İlgili kişinin rastgele bir kişi olmadığı, siyasi kişiliği ve kamu vazifelisi olarak vazife yaptığının söz edildiği kararda, “Dolayısıyla somut olayda kamuoyu ilgisinin bulunduğu göz önünde bulundurulduğunda basın özgürlüğünün kişilik hakları karşısında daha ağır basacağı söylenmelidir. Ek olarak vurgulanmak gerekirse bir haber yahut yazının kamuoyu bilgilendirme pahası ne kadar yüksekse de kişinin kelam konusu haber yahut makalenin yayınlanmasına da o kadar boyun eğmesi gerekecektir” denildi.
‘HAKARET YOK’
Kararda, “Olayın gerçekleşmesi ile eşzamanlı olarak haberin yapıldığı dikkate alındığından kelam konusu bilgilerin yenilik ögesi da taşıdığından somut olayın haber pahası taşıdığı kuşkusuzdur.
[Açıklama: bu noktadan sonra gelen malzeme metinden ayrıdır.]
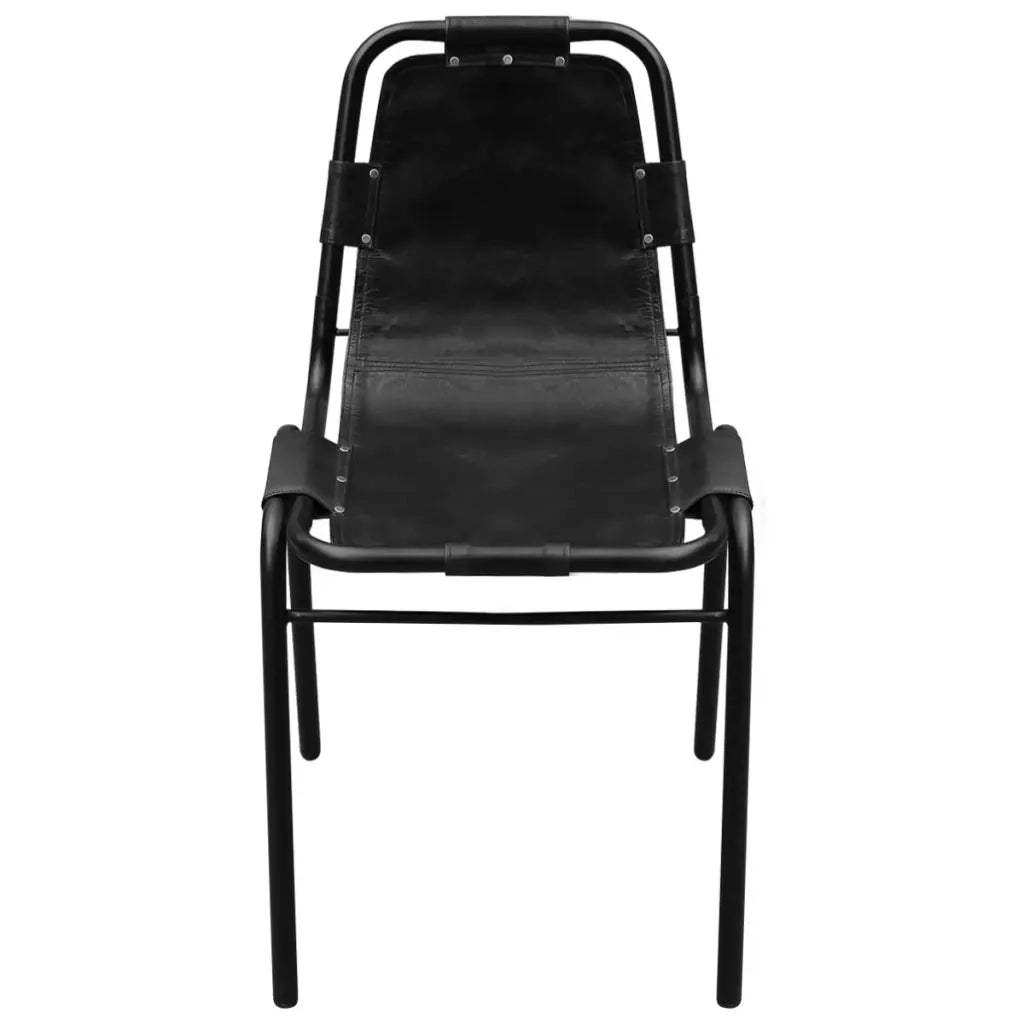 Sedie da Pranzo 2 pz Nere in Vera Pelle 243721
O manada haberin gerçeklik ve yenilik kriteri açısından haber verme hakkının kişilik hakkına baskın geldiği değerlendirilmektedir” tabirleri kullanıldı. Kararın devamında şu tabirlere yer verildi: “Konusu arazinin kamuya açık ihale süreci ile kiralandığı ve kiralayan kişinin pozisyonu dikkate alındığında kiralama bedeli ve gibisi bilgilerin kamuoyu ile paylaşılmasında kamu bilgi ve faydası bulunduğu değerlendirilmekle birlikte haberin veriliş biçiminde lisan, tabir ve vurgu tarafından de hakaret aşağılama ve gibisi bir durumun kelam konusu olmadığından emel araç ile öz ve biçim ortasındaki istikrarın gözetildiği değerlendirilmiştir. İlgili kişinin özel hayatının saklılığı ve kişilik haklarını ihlal edici nitelikte içerik barındırmadığı münasebetiyle kanunun 28 unsuru kapsamında tabir özgürlüğünün bir yansıması olan basın özgürlüğü çerçevesinde işlendiği, bu çerçevede şikâyetin kanun kararlarının uygulama alanı dışında kaldığı sonucuna varıldığından, bilgi sorumlusu gazete hakkında kanun kapsamında yapılacak bir süreç bulunmadığı sonucuna varılmıştır.”
14 YILA KADAR MAHPUS İSTENİYOR
Cumhuriyet, Altun’un Vakıflar’dan kiraladığı toprağa müsaadesiz olarak yaptığı pergole ve şömenin İBB tarafından yıkıldığını ortaya çıkarmıştı. Altun’un araziyi aylık 258 liraya kiraladığını da ortaya koyan haberlerimizin akabinde, haberleri yapan kent ve etraf muhabirimiz Hazal Ocak, fotomuhabirimiz Vedat Arık, yazıişleri müdürlerimiz Olcay Büyüktaş ve İpek Özbey hakkında dava açılmıştı. Davanın son duruşmasında arkadaşlarımız hakkında 4 yıldan 14 yıla kadar mahpus cezası istenmişti.